BALTIMORE -- Fed up with litter, loud music late at night, public urination and drunken behavior, homeowners in the neighborhood of a Johns Hopkins University fraternity hope a zoning technicality will help them get the frat boys out.
But the members of Phi Kappa Psi, which boasts New York City Mayor Michael R. Bloomberg as an alumni, have hired a lawyer to fight the residents.
The battle will take place before Baltimore's zoning board on April 17.
"The boys who run this place, some of them are very nice, respectable, considerate and highly productive people," Carl Hyman, president of the Tuscany-Canterbury Neighborhood Association, told The (Baltimore) Sun. "But there's no place on Earth where 30 18- to 20-year-old boys can go unsupervised and not get into trouble."
The fraternity's attorney, Herbert Burgunder III, claims they want to zone fun out of the residential district.
"Kids will be kids, and if they're breaking the law, you should call the police," Burgunder says. "The zoning board was not created to punish kids for bad behavior."
The residents believe the fraternity can be forced from the area because the men moved off site for more than a year.
The fraternity has owned the house for about 30 years. The nearly 7,000-square-foot, three-story home was built in 1920 as a boarding house, and typically sleeps about 25 men.

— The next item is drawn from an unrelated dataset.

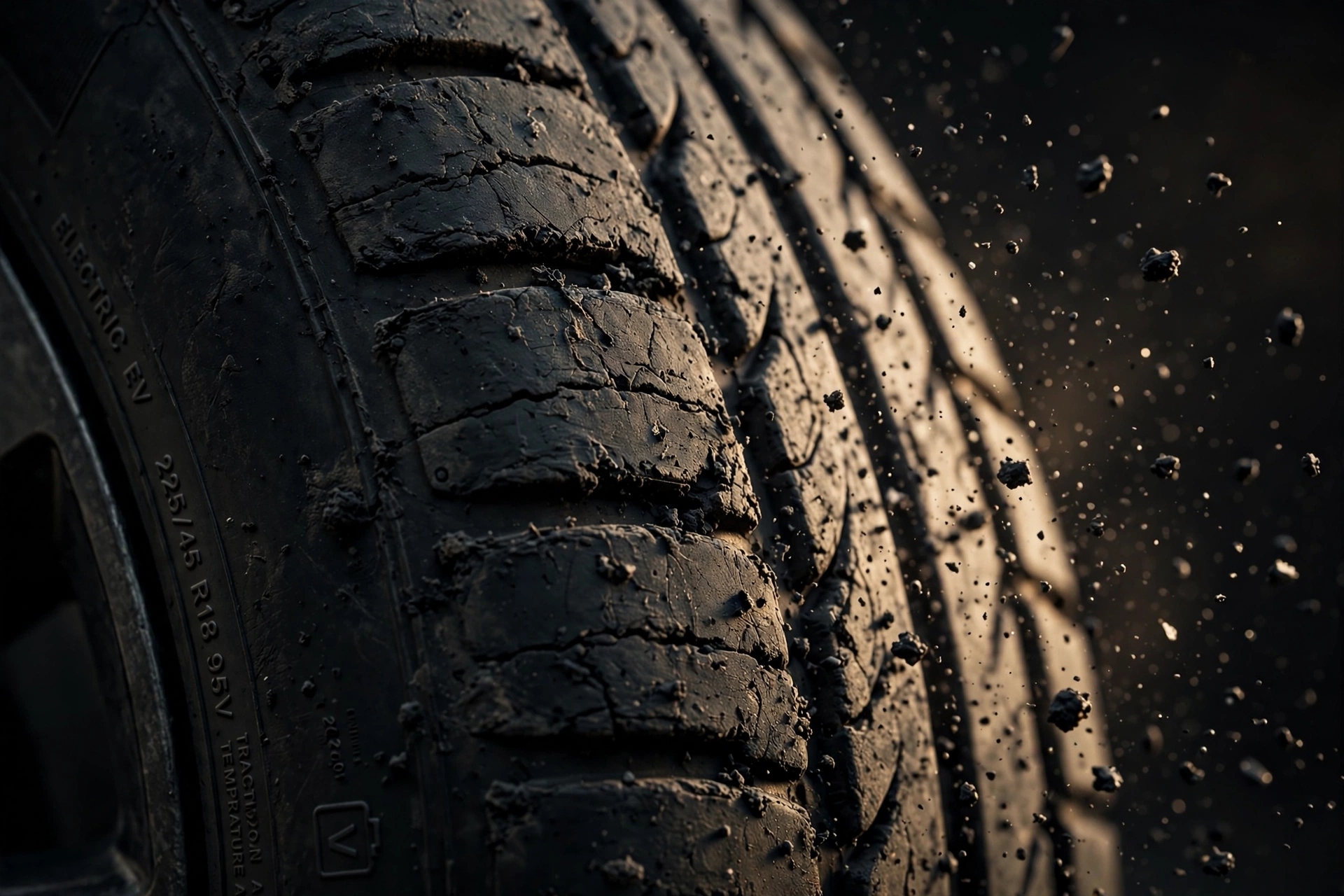 Close-up of a worn electric car tyre showing heavy tread wear and rubber particles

It is assessed at more than $1 million.
In 2005 (the neighborhood and the fraternity disagree as to when), the fraternity moved out to fix various code violations ranging from drywall holes to empty fire extinguishers.
While they made plans, raised money and started work, a year passed -- when, according to city law, they lost the right to use the house as a fraternity.
The fraternity now needs the zoning board's permission to move back.
"You'll notice that the building is falling apart," Hyman said, pointing to the stucco mansion with broken windows and disheveled yard. "It doesn't promote the health, well-being or welfare of anything here."